Problem to solve
For each record below, retype the text exactly and omit any image.

● ● ● ● ●

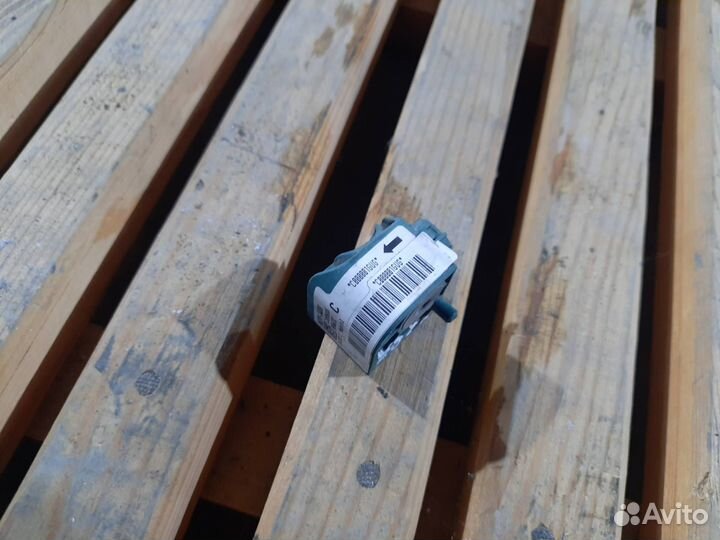 Датчик удара передний SsangYong Actyon 2 2011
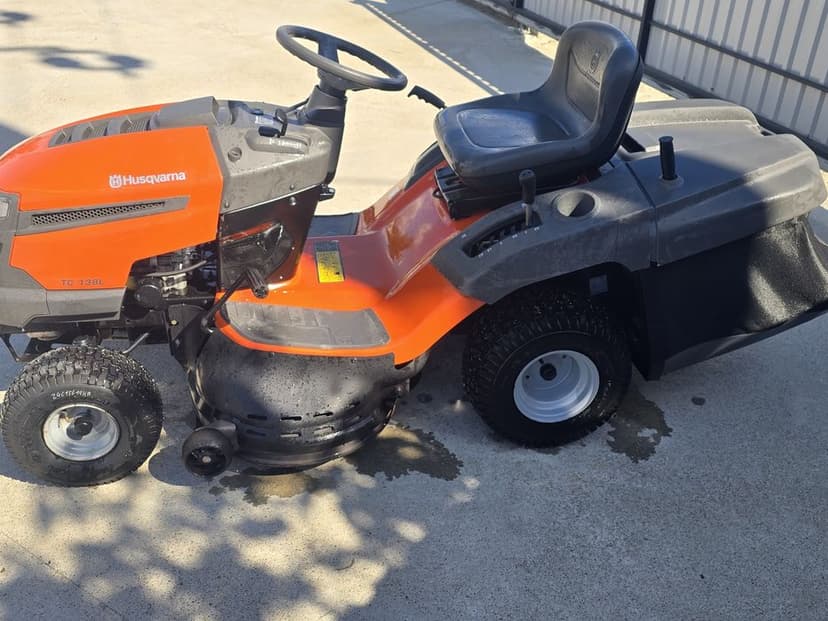 Tractoras Husqvarna TC 138 an 2020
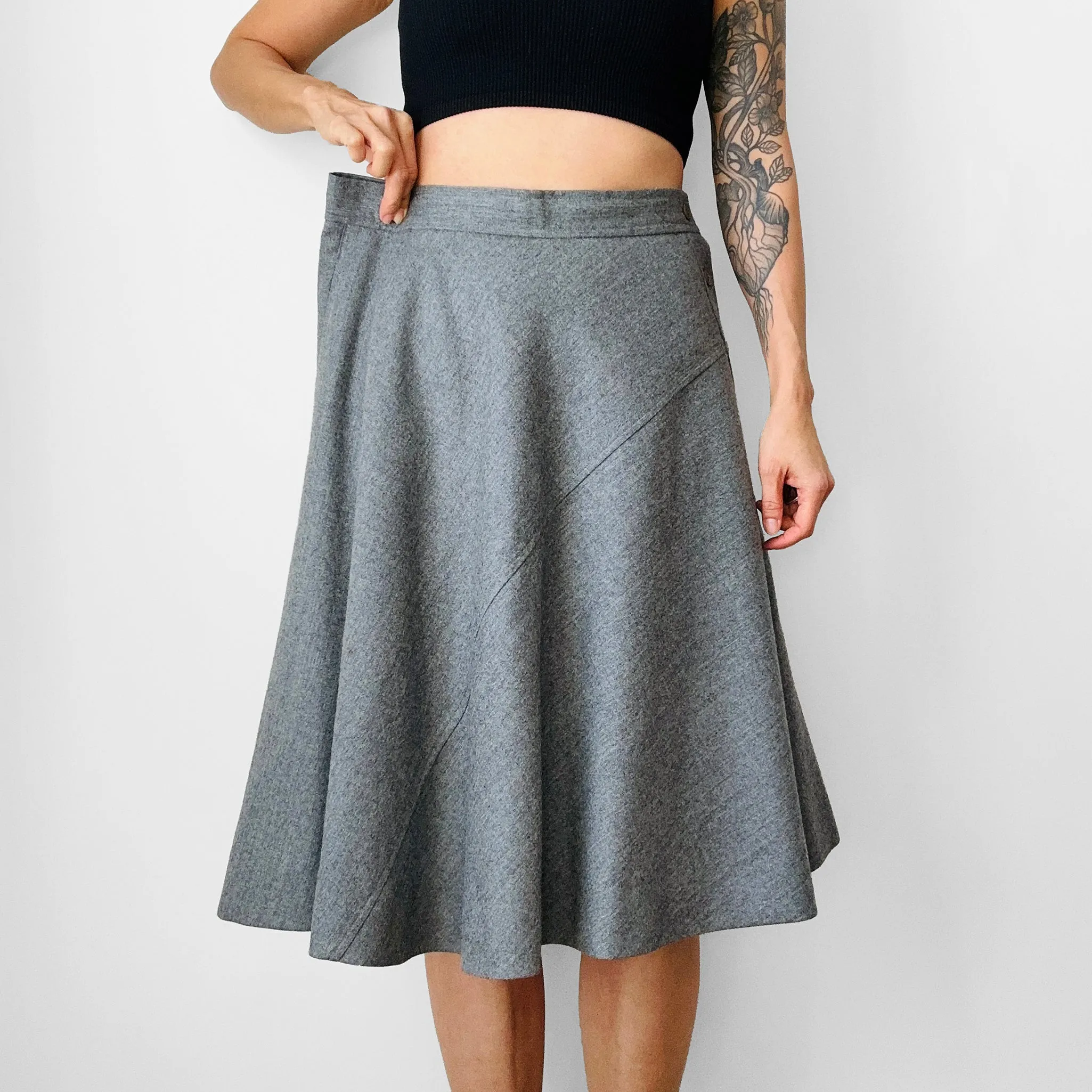 1970s Grey Side-Button Wool Fit and Flare Harve Benard Skirt - Sz. M/L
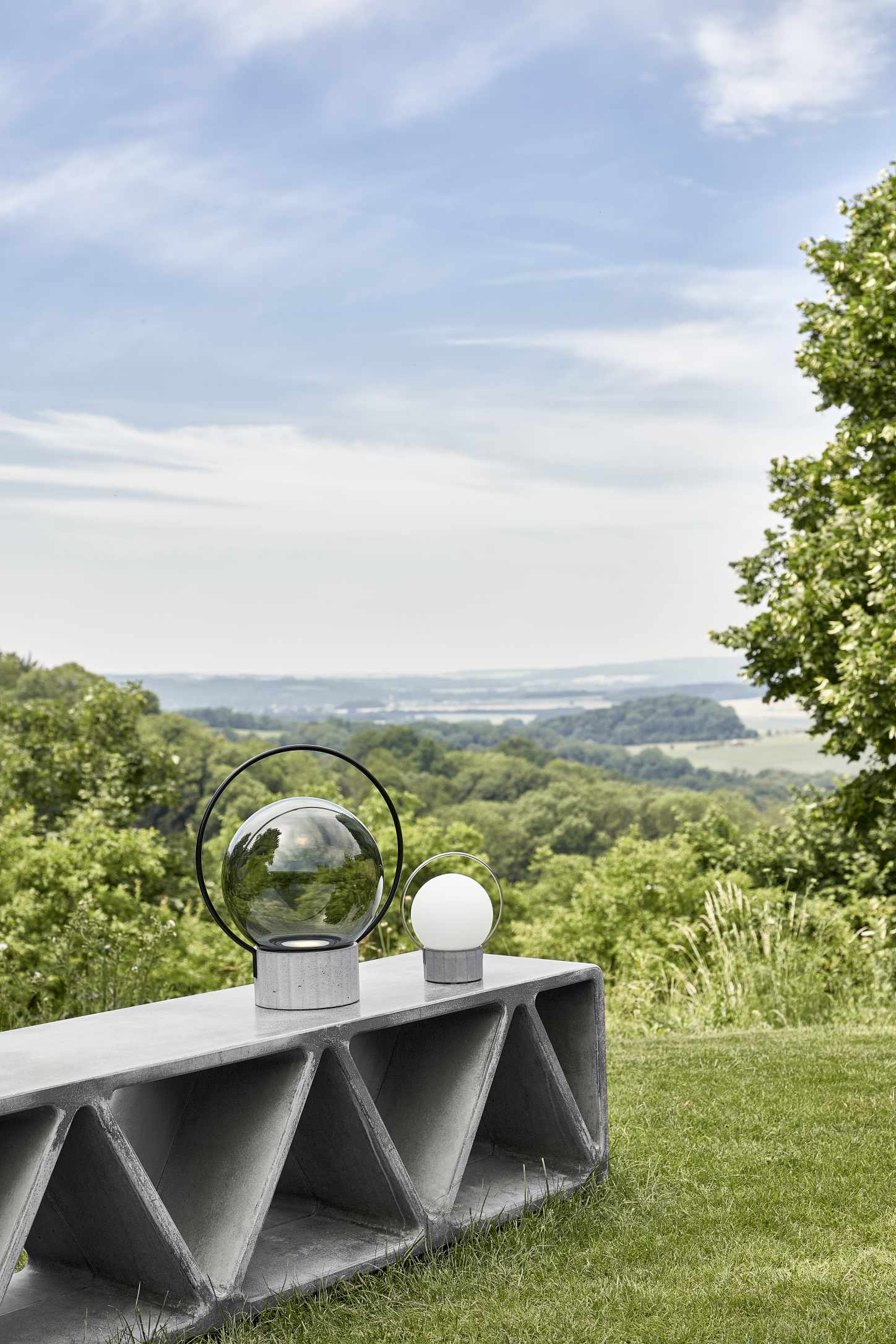 Portable Outdoor Table Lamp SFERA PORTABLE Glossy Glass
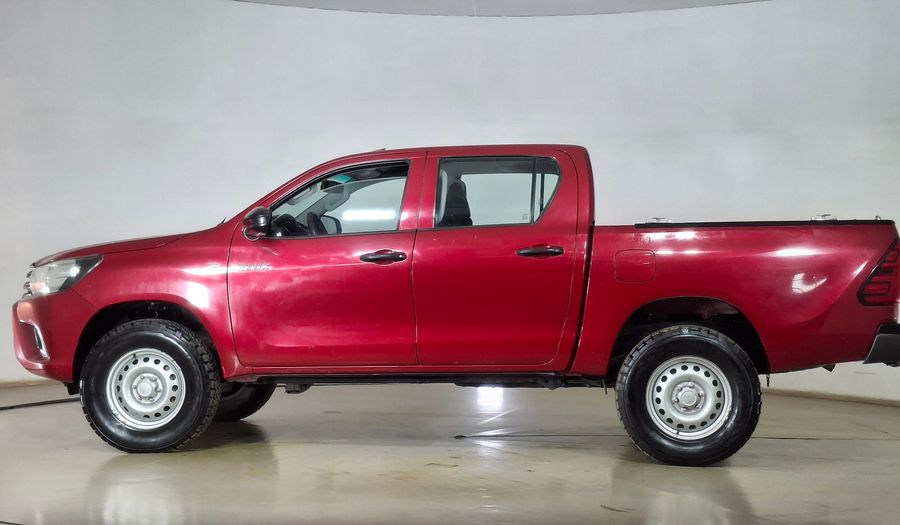 Toyota Hilux 2.4D DX Pickup 2017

● ● ● ● ●

Exercise solution
 Датчик удара передний SsangYong Actyon 2 2011
 Tractoras Husqvarna TC 138 an 2020
 1970s Grey Side-Button Wool Fit and Flare Harve Benard Skirt - Sz. M/L
 Portable Outdoor Table Lamp SFERA PORTABLE Glossy Glass
 Toyota Hilux 2.4D DX Pickup 2017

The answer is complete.